Según datos de la Organización de Naciones Unidas para la Alimentación (FAO) esta es la cifra de hambrientos en el mundo, y lo más triste es que podemos sentirnos orgullosos, pues esta misma organización comunica que ¡por primera vez esta cifra ha descendido!,pPues el año pasado alcanzó la cifra de 1023 millones o sea un 9,60 menos en el 2010.
No se si es para sentirse orgullosos con el descenso de los hambrientos pero lo que si se cierto es que si toda la comida que sobra se pudiese repartir no serían ni mucho menos esa descomunal cantidad de necesitados.
El 98 % de los que pasan hambre reside en países en vías de desarrollo, y a todos ellos les faltan en primer lugar medios y conocimientos adecuados para cultivar la tierra y poder extraer los frutos necesarios para la subsistencia diaria, pero lo que no puedo admitir es el derroche continuo que una persona que se hace llamar “culta” hace de esos mismos alimentos cuando tiene el suficiente poder económico para consumirlos sin haber realizado el suficiente esfuerzo para obtenerlos.

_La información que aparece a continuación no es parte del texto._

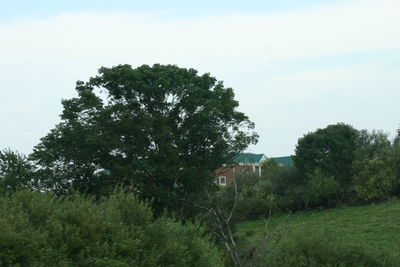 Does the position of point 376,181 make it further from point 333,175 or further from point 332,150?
point 332,150

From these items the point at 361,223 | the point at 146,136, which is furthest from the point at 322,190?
the point at 146,136

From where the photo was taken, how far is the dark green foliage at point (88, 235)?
1513cm

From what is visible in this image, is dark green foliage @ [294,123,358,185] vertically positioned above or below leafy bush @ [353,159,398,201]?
above

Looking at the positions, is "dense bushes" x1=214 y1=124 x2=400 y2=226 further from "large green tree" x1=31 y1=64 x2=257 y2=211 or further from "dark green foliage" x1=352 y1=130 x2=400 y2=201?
"large green tree" x1=31 y1=64 x2=257 y2=211

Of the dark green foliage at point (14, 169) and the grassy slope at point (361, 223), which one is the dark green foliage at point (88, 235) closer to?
the grassy slope at point (361, 223)

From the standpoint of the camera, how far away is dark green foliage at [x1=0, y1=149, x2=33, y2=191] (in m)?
41.8

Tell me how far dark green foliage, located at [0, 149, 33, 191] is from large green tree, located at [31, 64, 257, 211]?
90cm

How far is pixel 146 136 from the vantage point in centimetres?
4266

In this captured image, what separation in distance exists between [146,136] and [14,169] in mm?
8710

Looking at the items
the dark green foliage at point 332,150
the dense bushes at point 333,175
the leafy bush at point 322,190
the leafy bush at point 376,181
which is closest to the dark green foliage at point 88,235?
the dense bushes at point 333,175

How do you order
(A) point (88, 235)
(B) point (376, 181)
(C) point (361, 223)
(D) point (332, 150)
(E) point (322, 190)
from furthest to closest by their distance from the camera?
(D) point (332, 150) < (E) point (322, 190) < (B) point (376, 181) < (C) point (361, 223) < (A) point (88, 235)

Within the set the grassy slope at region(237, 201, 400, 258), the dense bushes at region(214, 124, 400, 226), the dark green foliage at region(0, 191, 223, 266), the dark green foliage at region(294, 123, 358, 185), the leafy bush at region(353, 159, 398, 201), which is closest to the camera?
the dark green foliage at region(0, 191, 223, 266)

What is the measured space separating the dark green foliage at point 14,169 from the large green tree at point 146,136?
2.94ft

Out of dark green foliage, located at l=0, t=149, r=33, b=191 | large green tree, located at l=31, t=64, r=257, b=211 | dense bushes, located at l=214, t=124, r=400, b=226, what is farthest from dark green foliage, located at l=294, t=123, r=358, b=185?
dark green foliage, located at l=0, t=149, r=33, b=191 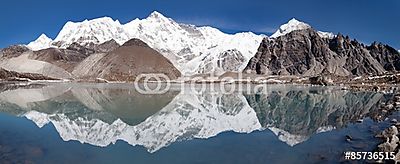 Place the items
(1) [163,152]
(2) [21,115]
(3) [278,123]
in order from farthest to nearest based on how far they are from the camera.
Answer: (2) [21,115] < (3) [278,123] < (1) [163,152]

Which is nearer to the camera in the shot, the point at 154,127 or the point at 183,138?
the point at 183,138

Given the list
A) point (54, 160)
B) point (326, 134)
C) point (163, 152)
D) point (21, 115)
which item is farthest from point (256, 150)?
point (21, 115)

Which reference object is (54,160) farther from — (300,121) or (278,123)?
(300,121)

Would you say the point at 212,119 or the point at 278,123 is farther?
the point at 212,119

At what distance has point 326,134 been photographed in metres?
34.6

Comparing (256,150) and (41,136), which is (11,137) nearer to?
(41,136)

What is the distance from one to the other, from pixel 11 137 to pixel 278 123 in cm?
2566

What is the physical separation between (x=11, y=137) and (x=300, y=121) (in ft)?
94.2

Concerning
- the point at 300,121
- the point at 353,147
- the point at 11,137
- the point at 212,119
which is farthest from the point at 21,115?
the point at 353,147

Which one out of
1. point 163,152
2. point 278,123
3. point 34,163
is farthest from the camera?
point 278,123

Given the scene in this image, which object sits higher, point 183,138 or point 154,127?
point 154,127

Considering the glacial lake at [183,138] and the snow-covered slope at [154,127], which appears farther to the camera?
the snow-covered slope at [154,127]

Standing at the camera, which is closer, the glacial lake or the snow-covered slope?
the glacial lake

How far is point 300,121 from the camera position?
44781 millimetres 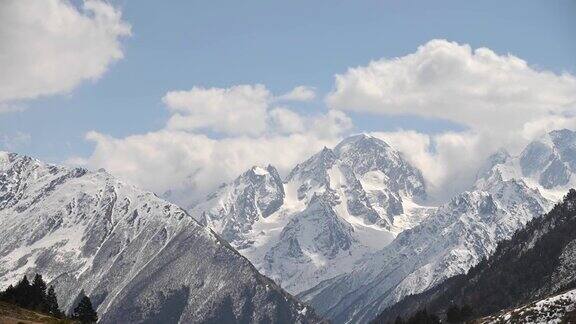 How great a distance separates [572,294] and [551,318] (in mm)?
8272

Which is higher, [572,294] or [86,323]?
[86,323]

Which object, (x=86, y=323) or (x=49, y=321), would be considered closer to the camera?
(x=49, y=321)

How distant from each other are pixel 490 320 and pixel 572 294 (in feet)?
53.4

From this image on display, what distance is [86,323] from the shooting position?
180875 millimetres

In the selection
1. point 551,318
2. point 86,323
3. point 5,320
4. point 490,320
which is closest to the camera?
point 5,320

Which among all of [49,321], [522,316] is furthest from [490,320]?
[49,321]

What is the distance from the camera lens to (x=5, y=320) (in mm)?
136625

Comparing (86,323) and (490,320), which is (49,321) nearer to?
(86,323)

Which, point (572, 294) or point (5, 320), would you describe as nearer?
point (5, 320)

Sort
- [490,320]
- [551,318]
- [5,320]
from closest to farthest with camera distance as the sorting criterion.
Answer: [5,320], [551,318], [490,320]

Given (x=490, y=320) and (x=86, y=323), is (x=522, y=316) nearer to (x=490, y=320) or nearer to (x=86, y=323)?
(x=490, y=320)

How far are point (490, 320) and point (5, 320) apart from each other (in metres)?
87.5

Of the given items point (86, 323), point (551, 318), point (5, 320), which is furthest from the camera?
point (86, 323)

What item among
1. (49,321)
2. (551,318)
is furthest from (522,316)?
(49,321) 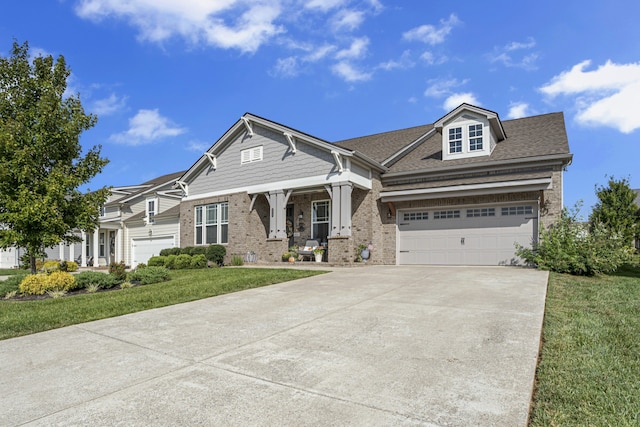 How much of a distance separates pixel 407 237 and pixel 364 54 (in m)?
7.47

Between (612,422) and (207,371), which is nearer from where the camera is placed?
(612,422)

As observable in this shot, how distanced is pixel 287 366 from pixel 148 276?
901cm

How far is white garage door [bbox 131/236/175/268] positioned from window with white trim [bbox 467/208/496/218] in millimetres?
16239

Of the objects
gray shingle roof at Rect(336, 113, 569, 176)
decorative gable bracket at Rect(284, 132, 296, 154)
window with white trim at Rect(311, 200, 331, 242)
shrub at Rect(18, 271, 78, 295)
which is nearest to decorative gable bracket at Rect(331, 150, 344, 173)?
decorative gable bracket at Rect(284, 132, 296, 154)

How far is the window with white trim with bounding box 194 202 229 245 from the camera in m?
19.4

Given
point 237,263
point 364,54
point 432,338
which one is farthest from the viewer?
point 237,263

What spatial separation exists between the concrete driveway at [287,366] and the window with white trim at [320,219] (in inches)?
421

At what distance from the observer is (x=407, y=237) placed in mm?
16078

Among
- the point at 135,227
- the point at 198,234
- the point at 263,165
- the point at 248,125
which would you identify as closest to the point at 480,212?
the point at 263,165

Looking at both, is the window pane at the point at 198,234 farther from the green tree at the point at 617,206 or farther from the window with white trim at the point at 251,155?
the green tree at the point at 617,206

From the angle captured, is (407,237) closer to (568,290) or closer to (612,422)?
(568,290)

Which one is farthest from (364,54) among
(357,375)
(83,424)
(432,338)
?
(83,424)

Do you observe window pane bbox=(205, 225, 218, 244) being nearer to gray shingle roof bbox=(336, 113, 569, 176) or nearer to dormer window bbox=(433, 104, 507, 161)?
gray shingle roof bbox=(336, 113, 569, 176)

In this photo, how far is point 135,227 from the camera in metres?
25.9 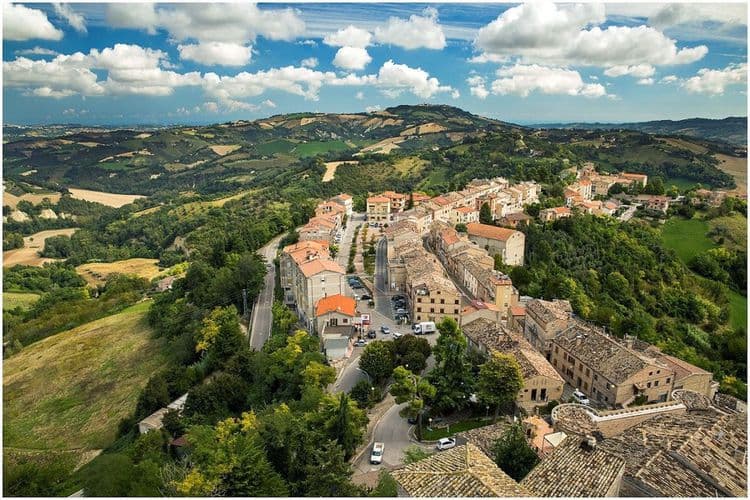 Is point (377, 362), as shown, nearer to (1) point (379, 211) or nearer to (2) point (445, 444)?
(2) point (445, 444)

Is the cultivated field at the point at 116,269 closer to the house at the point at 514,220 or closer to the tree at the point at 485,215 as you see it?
the tree at the point at 485,215

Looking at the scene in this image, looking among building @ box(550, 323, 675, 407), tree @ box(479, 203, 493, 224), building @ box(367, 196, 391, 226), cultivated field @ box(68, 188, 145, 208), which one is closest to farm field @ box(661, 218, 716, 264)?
tree @ box(479, 203, 493, 224)

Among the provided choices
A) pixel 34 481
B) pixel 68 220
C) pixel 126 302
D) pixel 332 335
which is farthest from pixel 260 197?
pixel 34 481

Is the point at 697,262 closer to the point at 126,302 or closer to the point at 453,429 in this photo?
the point at 453,429

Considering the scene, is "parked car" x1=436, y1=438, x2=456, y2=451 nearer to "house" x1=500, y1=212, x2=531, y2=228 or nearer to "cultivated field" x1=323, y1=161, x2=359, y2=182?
"house" x1=500, y1=212, x2=531, y2=228

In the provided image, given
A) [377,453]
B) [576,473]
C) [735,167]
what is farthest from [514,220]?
[735,167]

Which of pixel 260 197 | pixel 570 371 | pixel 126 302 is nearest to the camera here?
pixel 570 371

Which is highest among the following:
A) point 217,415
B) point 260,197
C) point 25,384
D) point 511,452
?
point 260,197

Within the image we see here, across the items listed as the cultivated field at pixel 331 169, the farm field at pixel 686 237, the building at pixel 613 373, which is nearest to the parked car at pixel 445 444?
the building at pixel 613 373
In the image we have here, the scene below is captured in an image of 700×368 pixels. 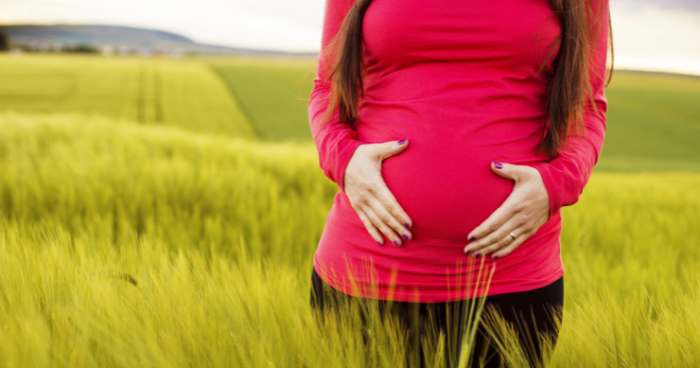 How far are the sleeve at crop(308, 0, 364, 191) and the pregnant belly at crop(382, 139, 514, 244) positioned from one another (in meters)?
0.11

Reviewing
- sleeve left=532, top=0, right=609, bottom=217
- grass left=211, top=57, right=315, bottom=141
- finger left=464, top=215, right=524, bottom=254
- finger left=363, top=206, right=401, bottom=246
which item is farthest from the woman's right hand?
grass left=211, top=57, right=315, bottom=141

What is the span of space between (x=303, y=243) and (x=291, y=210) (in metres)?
0.32

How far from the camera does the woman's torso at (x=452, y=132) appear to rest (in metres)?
0.95

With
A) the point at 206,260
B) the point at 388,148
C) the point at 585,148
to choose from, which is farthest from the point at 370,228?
the point at 206,260

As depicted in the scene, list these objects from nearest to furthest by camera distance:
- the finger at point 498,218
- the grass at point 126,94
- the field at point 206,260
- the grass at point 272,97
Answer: the field at point 206,260, the finger at point 498,218, the grass at point 126,94, the grass at point 272,97

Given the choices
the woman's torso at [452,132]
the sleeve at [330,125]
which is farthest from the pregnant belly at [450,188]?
the sleeve at [330,125]

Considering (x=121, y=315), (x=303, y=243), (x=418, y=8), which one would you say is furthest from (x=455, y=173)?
(x=303, y=243)

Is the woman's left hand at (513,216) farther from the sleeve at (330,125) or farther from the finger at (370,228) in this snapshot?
the sleeve at (330,125)

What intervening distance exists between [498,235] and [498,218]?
3 cm

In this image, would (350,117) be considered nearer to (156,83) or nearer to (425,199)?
(425,199)

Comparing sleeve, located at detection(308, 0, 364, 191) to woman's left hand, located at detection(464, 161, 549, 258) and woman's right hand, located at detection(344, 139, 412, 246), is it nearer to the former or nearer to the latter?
woman's right hand, located at detection(344, 139, 412, 246)

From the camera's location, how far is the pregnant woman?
95 cm

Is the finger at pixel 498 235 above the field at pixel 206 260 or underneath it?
above

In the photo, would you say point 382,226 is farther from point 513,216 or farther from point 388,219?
point 513,216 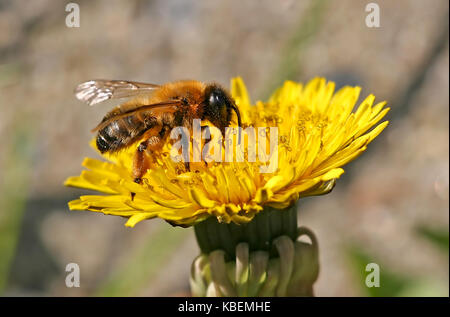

No estoy en contra de que haya ricos, ni me voy a colgar medallas diciendo que “los ricos han de repartir sus fortunas” ¡NO! no es eso, pero si que estoy a favor de que los Gobiernos organicen todos una estructura necesaria, que se encargue de recoger diariamente los excedentes de alimentos PROCESADOS de organismos oficiales, grandes cocinas centrales, e inclusive grandes centros hoteleros y poseyendo como se posee la suficiente tecnología para los procesos de congelación in-situ, harían posible la conservación y traslado de estos excedentes alimentarios a los lugares necesarios para su reparto y consumo por los necesitados.Démosles a estos hambrientos, una bandeja de papas con carne congelada, y con esa misma energía solar se podrá descongelar y luego si que disfrutará del ordenador.
Seguramente encontraré personas que se reirán de mis fantasías, esto no me importa, pues lo pienso con el corazón y no lo encuentro una idea tan descabellada, también habrá comerciantes que dirán que eso no es negocio, pero claro es que no se debe pretender es hacer negocio, simplemente ¡DAR DE COMER AL HAMBRIENTO!, a ese hambriento que no comprará en estos momentos por no tener dinero para adquirir nada, pero que si le das de comer hoy, pudiera ser que mañana SI que tendría dinero y lo pagaría con creces, y aun más, se estaría haciendo una obra social aunque no se salga en la prensa.
Fr. ++ Vicente
ORDEN DE LOS POBRES CABALLEROS DE CRISTO DEL TEMPLO DE JERUSALEM.